Fundada en octubre de 1982 en una pequeña elevación al oeste de la boca de la bahía de Cienfuegos, la CEN fue un ensayo tropical tardío de un modelo de ciudad conocido como atomgrado, concepto de urbanización soviético que emergió en la década de 1960 y se extendió a los años setenta. La característica fundamental de este modelo era crear urbanizaciones estandarizadas a nivel formal y racional, que tendrían una estrecha relación con parques de reactores nucleares de gran escala. Concebida para ser una ciudad autosuficiente, su diseño y posterior desarrollo respondía estrictamente a dos propósitos elementales: servir a la economía en su capacidad de generar energía y como propaganda política.
En Cuba la sensación de vivir a destiempo es algo normal. Los grafitis, desgastados por los años y el salitre, reflejan todavía aquel tiempo pretérito que allí se convierte en un presente demasiado denso, en una experiencia surreal. En cierto sentido es como estar metido en la cocción de una gran cazuela entre aquellos artefactos y los negativos vencidos llegados de la propia URSS (la serie fue realizada con cámaras analógicas de gran y mediano formato y en película de 16 mm), ardiendo con la leña del presente.
La CEN es una ciudad de edificios y arrabales, de cochiqueras que se han extendido por toda la periferia, construidas con el acero arrancado clandestinamente de las ruinas del reactor.
El diseño urbano está dispuesto de forma tal que condiciona la vida todo el tiempo, y esa necesidad de control pareció allí ser más urgente que en ningún otro lugar del país.
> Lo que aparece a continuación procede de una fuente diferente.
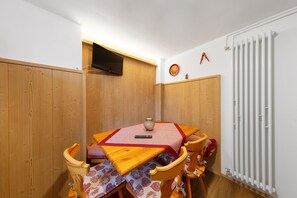 Un comedor con una mesa de madera, sillas, un televisor y un radiador.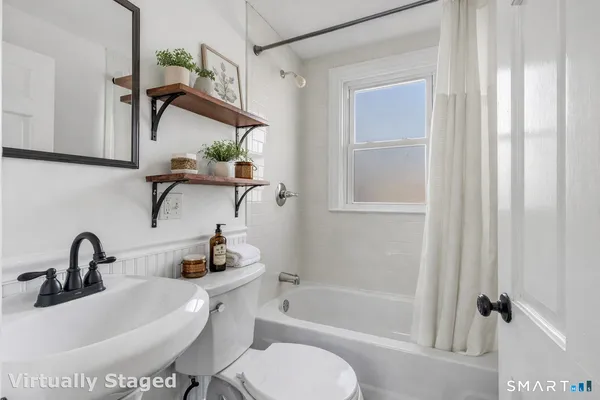 a bathroom with a sink a toilet and bathtub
A la espera siempre de un probable ataque de los Estados Unidos, la razón dictó que lo más importante era mantenerse en alerta. Es una ciudad vigilada. En el edificio más alto, el 18 plantas, al centro mismo de la urbanización, tienen los militares su punto de vigía.
Lo que pretendió ser la ciudad del futuro, cuna e inspiración del hombre nuevo, terminó siendo una especie de lastre nacional. Una derrota en sordina que se necesitó barajar, ocultar, olvidar de la manera más breve y eficiente posible. Corría el año 1992.
La central electronuclear nunca llegó a terminarse y la ciudad tampoco. El proyecto contemplaba construir doce reactores a lo largo de la maltrecha isla.
La Ciudad Electro Nuclear no es un pueblo fantasma, al menos no en sentido estricto. Lo que quizás resalta en ella más que en otro lugar de Cuba es un acentuado estigma del fracaso. Un estigma que se tiende sobre cada muro gris, cada espacio inconcluso, cada trillo marcado de mucho transitar entre los edificios para evadir el sol o acortar el camino.
En sí misma está muerta en vida, a no ser por las resistentes personas que la habitan. Gente que, como muchas otras de esta isla, han quedado bregando en su propia deriva.
Para no pocos la solución es salir de allí a como dé lugar y poner distancia de por medio entre la inconclusa ciudad que languidece y sus vidas. Para los que se quedan, toca aferrarse a la fe apagada y marchita que evocan la Patria y la noche.